* [WHAT THE TASK REQUIRES]
Would you print the lines below exactly, beginning at the line that has "R1 04-08 Ford" and stopping after the line that has "Allahindlus - BIO rukkihelbed Milzu, 200 g"? Only those lines, and no pictures.

* [SUPPLIED INFORMATION]

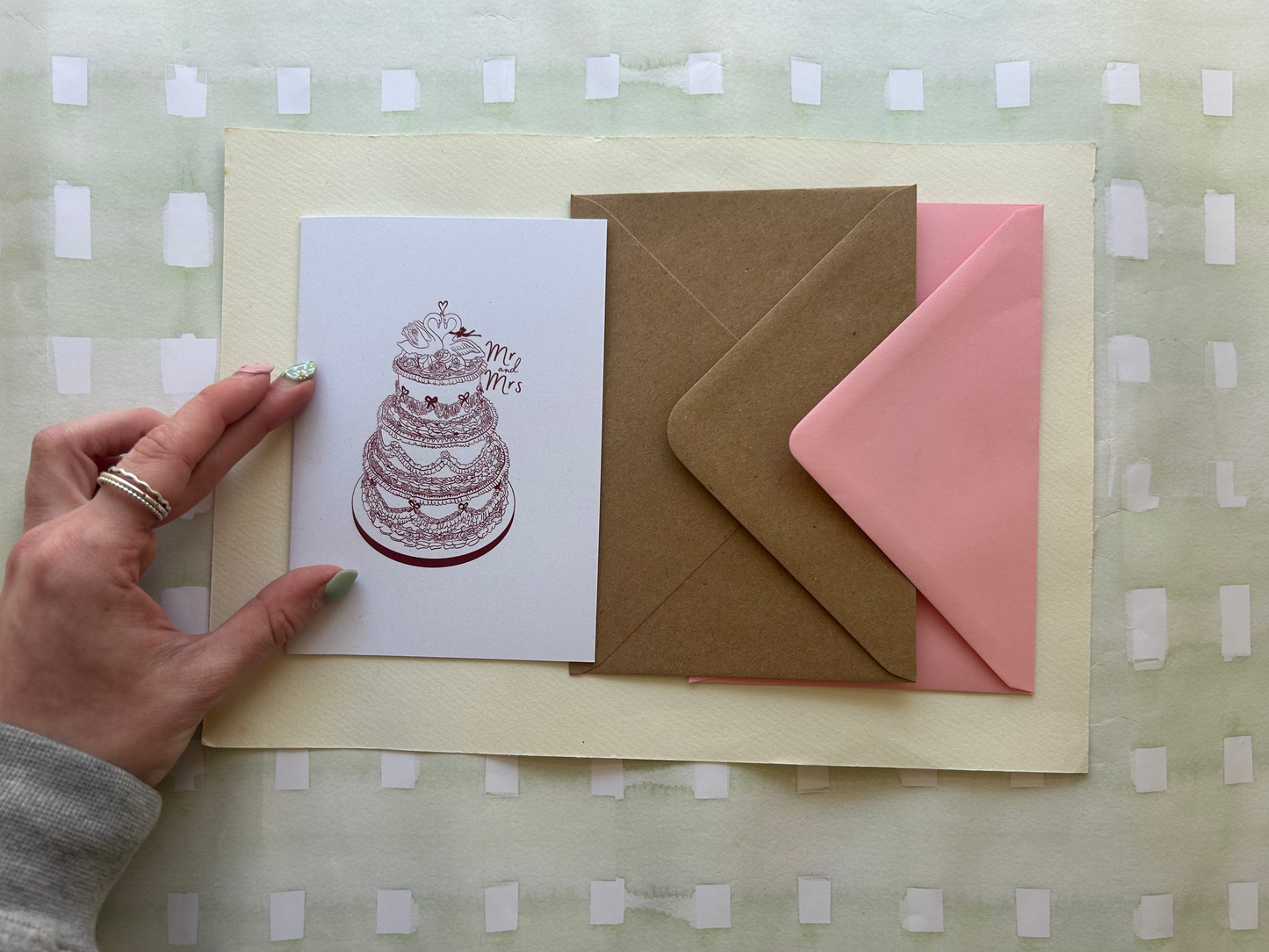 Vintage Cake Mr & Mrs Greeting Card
...
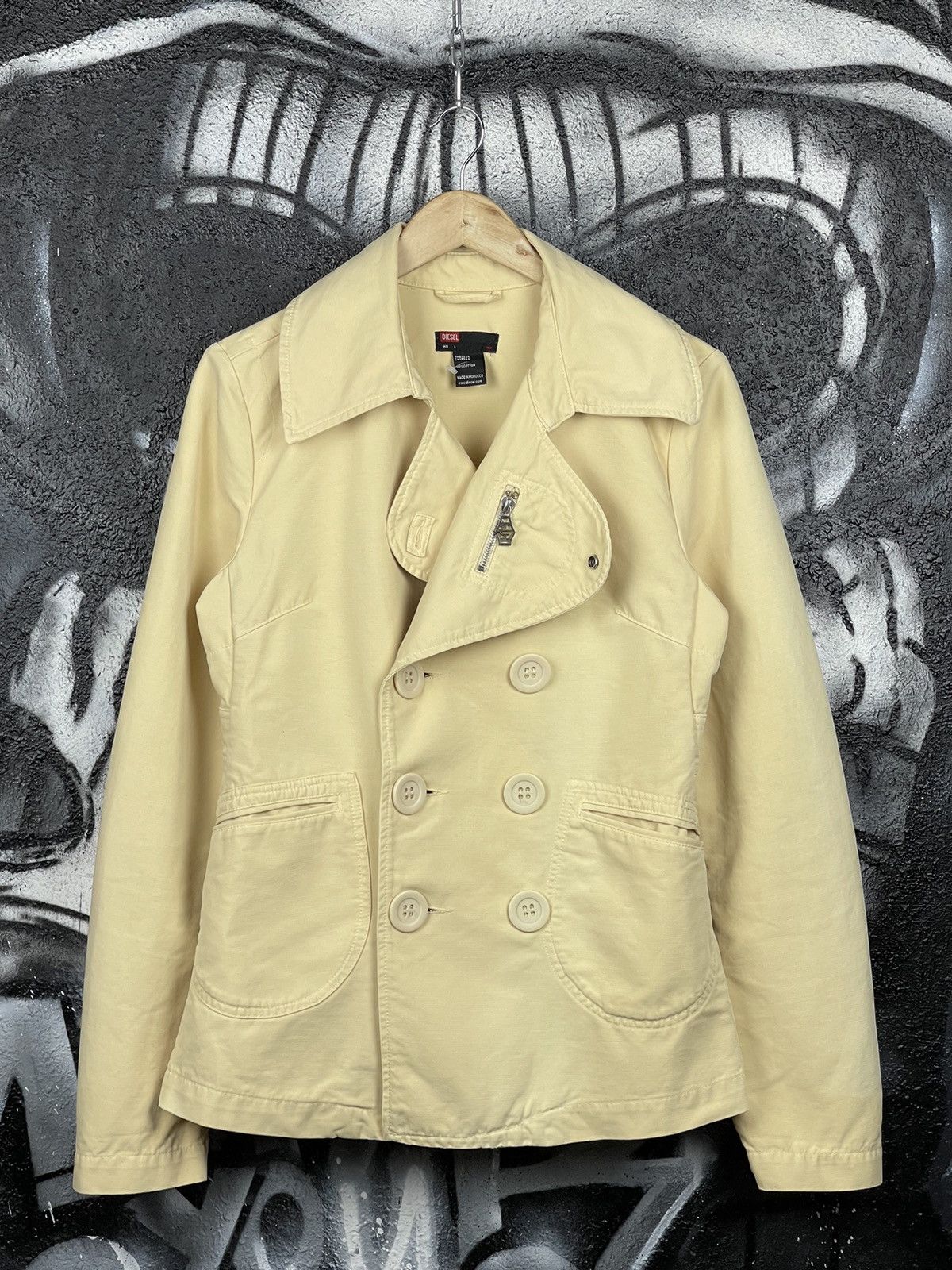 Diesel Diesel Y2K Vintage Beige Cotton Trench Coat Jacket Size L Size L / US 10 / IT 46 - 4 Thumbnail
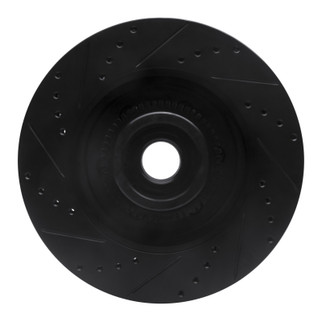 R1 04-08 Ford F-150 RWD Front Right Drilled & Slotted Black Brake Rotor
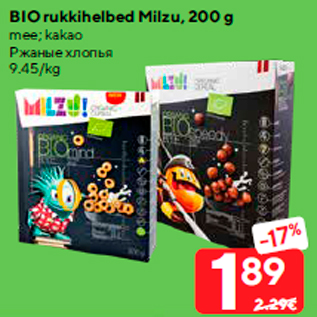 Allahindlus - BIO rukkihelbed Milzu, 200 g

* [OUTPUT OF THE EXERCISE]
 R1 04-08 Ford F-150 RWD Front Right Drilled & Slotted Black Brake Rotor
 Allahindlus - BIO rukkihelbed Milzu, 200 g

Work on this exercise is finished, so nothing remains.